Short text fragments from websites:
*** Begin section ***
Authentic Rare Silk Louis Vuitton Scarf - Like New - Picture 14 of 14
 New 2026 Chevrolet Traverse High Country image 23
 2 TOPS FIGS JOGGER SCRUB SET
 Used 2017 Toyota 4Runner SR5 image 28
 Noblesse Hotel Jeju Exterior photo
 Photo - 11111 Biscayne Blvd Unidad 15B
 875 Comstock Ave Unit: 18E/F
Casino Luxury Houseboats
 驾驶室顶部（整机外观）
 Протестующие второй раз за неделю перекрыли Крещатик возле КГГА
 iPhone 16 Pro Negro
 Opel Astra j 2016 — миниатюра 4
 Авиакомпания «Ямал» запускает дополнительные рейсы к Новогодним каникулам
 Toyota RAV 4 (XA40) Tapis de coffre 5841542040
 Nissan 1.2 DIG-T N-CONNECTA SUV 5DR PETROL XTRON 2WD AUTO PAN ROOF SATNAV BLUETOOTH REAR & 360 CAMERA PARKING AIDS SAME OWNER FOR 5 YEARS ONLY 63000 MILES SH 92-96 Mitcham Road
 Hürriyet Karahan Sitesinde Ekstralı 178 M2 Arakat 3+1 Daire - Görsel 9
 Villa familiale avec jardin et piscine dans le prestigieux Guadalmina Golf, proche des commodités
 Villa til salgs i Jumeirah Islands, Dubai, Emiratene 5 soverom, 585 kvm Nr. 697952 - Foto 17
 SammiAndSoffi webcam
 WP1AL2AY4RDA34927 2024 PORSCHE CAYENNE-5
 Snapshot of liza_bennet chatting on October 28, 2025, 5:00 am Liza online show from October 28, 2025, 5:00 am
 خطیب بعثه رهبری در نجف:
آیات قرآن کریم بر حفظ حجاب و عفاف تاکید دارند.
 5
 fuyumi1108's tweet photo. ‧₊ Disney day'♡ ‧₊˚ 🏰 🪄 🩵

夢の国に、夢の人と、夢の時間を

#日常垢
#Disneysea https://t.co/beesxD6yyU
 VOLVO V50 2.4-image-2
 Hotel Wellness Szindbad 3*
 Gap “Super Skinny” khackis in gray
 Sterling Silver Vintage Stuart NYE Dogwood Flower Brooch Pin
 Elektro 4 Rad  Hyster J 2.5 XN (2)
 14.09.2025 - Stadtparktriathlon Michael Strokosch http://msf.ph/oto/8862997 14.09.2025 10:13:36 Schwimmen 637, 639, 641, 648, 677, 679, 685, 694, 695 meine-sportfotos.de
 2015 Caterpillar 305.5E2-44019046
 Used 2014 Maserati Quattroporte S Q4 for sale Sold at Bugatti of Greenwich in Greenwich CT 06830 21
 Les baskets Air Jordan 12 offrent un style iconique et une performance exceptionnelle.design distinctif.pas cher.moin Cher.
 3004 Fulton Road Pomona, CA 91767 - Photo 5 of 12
*** End section ***
▸ **Work request**
Please copy each line of the records above in which the word "Hotel" can be found.

▸ **Solution to the exercise**
 Noblesse Hotel Jeju Exterior photo
 Hotel Wellness Szindbad 3*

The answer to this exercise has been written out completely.